Vice-président de l'Association française des éditeurs de logiciels (Afdel)

Il y a un rapport de un à cinq entre une cotation sur Euronext et au Nasdaq

Publié le 27 Mai 2015

Vous dirigez Sidetrade, un éditeur français de progiciels spécialisés dans la relation client. Comment vous positionnez-vous sur ce marché où évoluent des géants tels que Salesforce ?
Nous ne sommes pas en concurrence avec Salesforce qui gère l’ensemble de la relation commerciale et marketing. Nous proposons des logiciels de gestion financière dédiés au ‘poste client’ (ndlr : chiffre d’affaires facturé mais non encore encaissé). Il s’agit d’un marché de niche qui répond à un besoin crucial de toute entreprise : maîtriser son risque client et faire baisser ses délais de paiement. Nos clients – essentiellement des grands comptes et des PME avec une forte dimension internationale - gagnent en moyenne 6 jours de DSO (Day Sales Outstanding) avec nos logiciels et augmentent de plus de 31% la productivité des équipes de recouvrement. Malgré le gain de trésorerie que cela représente, seules 10% des entreprises utilisent ce type de logiciels. Si Salesforce a « ouvert » le marché des logiciels de CRM (customer relationship management), il reste beaucoup à faire en matière de gestion financière de la relation client.

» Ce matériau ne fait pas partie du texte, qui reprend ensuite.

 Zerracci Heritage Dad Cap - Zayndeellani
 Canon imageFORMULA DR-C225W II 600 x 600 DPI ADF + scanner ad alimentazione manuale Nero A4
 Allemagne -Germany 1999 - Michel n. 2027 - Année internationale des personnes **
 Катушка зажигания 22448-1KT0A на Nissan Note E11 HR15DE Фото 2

Dans le secteur numérique les entreprises européennes ne jouent pas dans la même cour que leurs concurrentes américaines. Comment expliquez-vous cet écart ?
En tant qu’éditeur de logiciel européen il est plus difficile de se projeter à une grande échelle que pour une entreprise américaine. Il faut d’abord conquérir son marché domestique puis s’étendre dans d’autres pays, avec les coûts que cela implique : traduction du logiciel, ouverture de filiales à l’étranger, gestion de différents systèmes juridiques, etc. Il y a un problème de fragmentation du marché. Les entreprises américaines bénéficient d’emblée d’un grand marché, par ailleurs la digitalisation de la société américaine est plus avancée. Ensuite, pour s’imposer sur le marché mondial, les entreprises américaines sont prêtes à faire des pertes. Le cas de Salesforce est typique : depuis trois ans le groupe est dans le rouge mais son cours a doublé et le groupe vaut désormais près de 50 milliards de dollars ! Il a d'ailleurs conquis des parts de marchés irréversibles. Ce genre de stratégie, qui privilégie la croissance à la rentabilité, est difficilement envisageable en Europe où les analystes sont obnubilés par les marges et ne prennent pas suffisamment en compte le potentiel d’une société.

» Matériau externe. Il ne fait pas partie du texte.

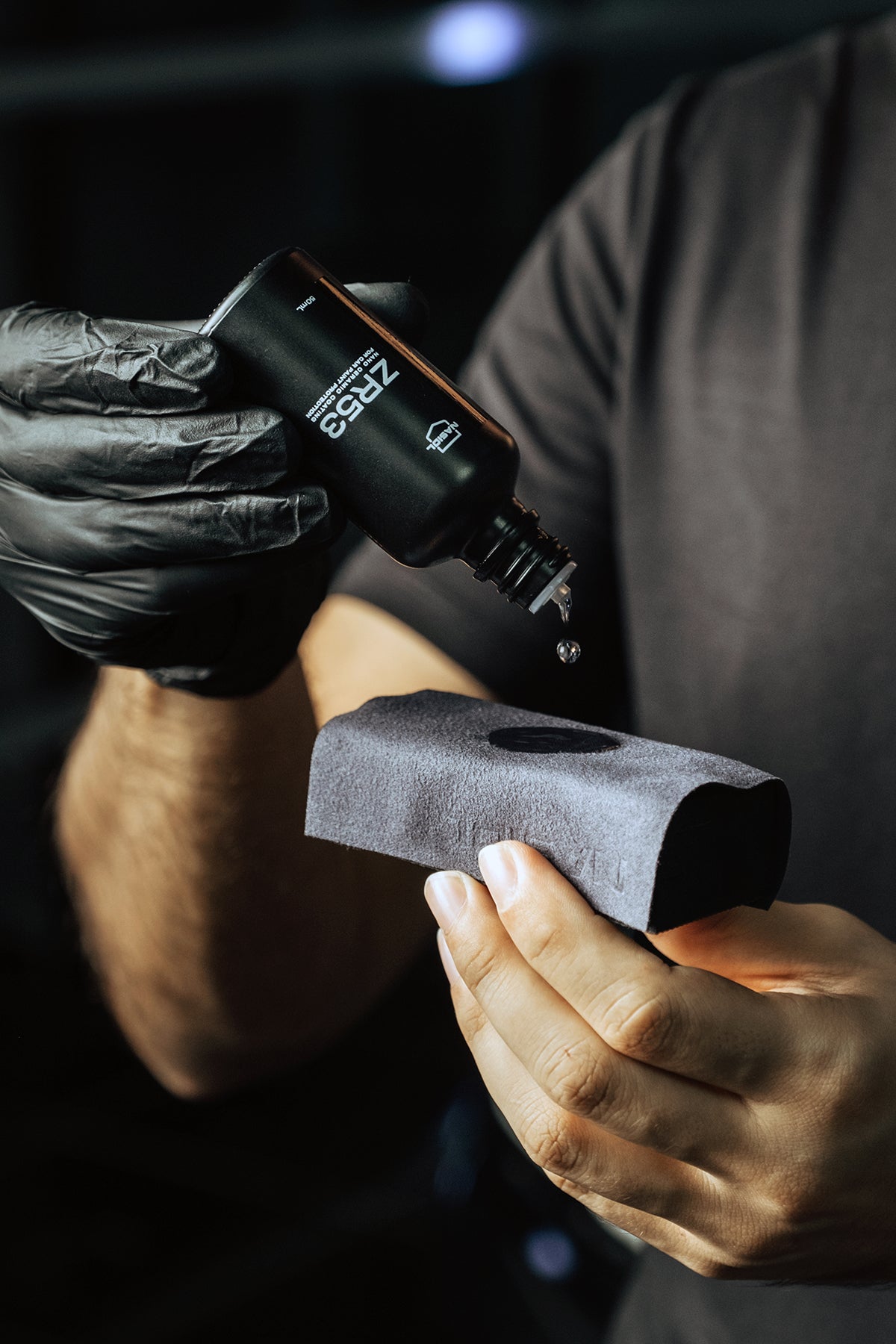 Nasiol ZR53 - Keramik Versiegelung - 10H Keramikversiegelung - Komplettset 50ml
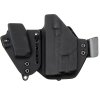 AIWB - Glock 43 + Streamlight TLR-6 + zásobník - appendix vnitřní kydexové pouzdro - poloviční/plný sweatguard - ns - černá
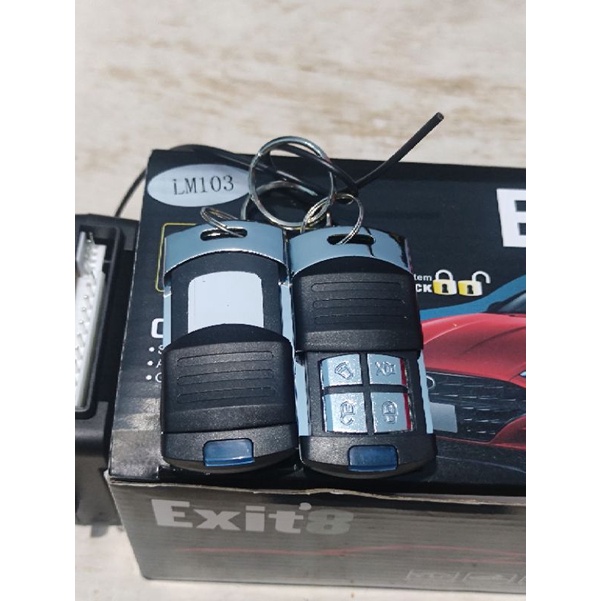 ALARM KHUSUS KIJANG LGX TYPE REMOTE SLEDING/ALARM PENGAMAN KIJANG LGX GARANSI 1 TAHUN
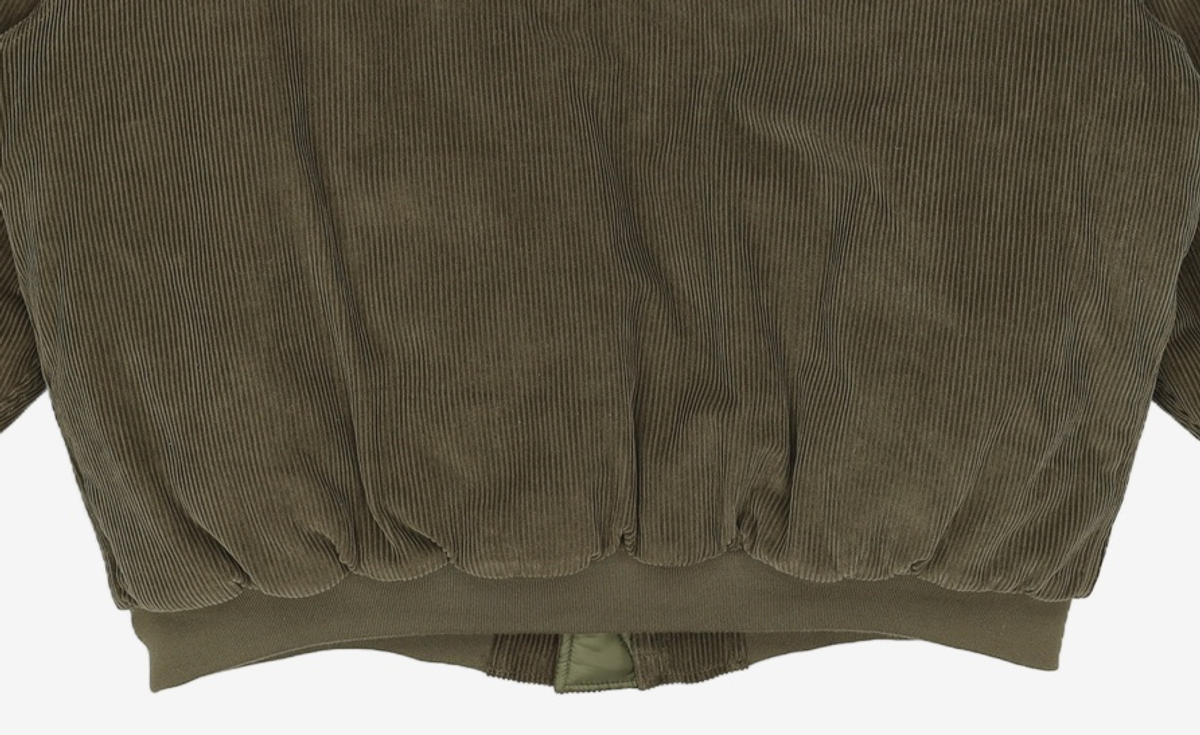 더블유브이프로젝트(WV PROJECT) 항공 점퍼/블루종/MA-1 XL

Le problème serait donc culturel ?
Pas seulement. L’un des principaux freins à l’émergence de champions européens réside dans la sous-valorisation des valeurs technologiques de ce côté-ci de l’Atlantique. Il y a un rapport de un à cinq entre une cotation sur Euronext ou au Nasdaq. Il n’est pas étonnant dans ces conditions que certaines sociétés comme Criteo choisissent d’aller se coter aux Etats-Unis. Ceux qui ont une ambition mondiale n’ont pas d’autre choix que de se faire racheter par un investisseur américain car ce dernier sera toujours prêt à investir davantage.

Euronext a lancé fin avril un nouvel indice, le Tech 40, afin d’accroître la visibilité des valeurs technologiques européennes. Est-ce une bonne chose selon vous ?

L’indice Tech 40 est une bonne initiative mais elle n’est pas suffisante. Ce qui manque aujourd’hui, c’est une porte de sortie pour les investisseurs en capital. Il faut créer un véritable Nasdaq européen rassemblant Euronext, les places de Londres et de Francfort. Ce n’est qu’avec ce grand marché et la perspective de meilleures valorisations que les entreprises européennes attireront les fonds nécessaires à leur croissance.